- _TASK DETAILS_:
Your answer must hold only the lines below from the line containing "Глюкозамин+Хондроитин+МСМ Dr.Mybo | 120 кап." through the line containing "Hilton Garden Inn", each reproduced exactly.

- _DATA FOR ANALYSIS_:
········
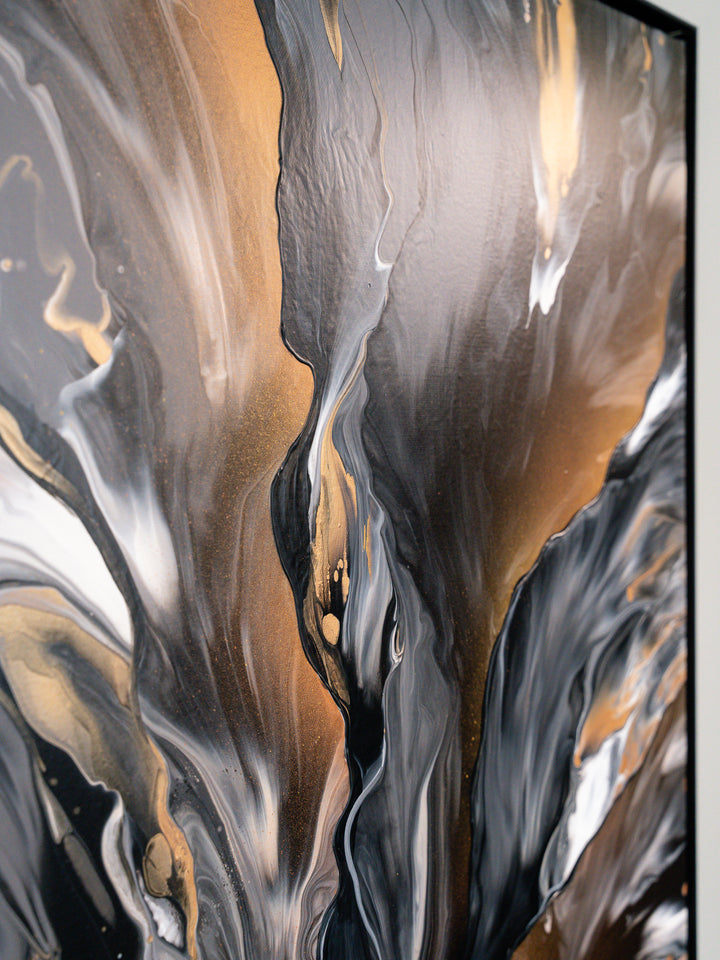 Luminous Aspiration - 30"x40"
········
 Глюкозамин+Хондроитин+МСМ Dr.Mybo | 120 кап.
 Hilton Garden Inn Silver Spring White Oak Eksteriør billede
········
- _ANSWER SPACE_:
 Глюкозамин+Хондроитин+МСМ Dr.Mybo | 120 кап.
 Hilton Garden Inn Silver Spring White Oak Eksteriør billede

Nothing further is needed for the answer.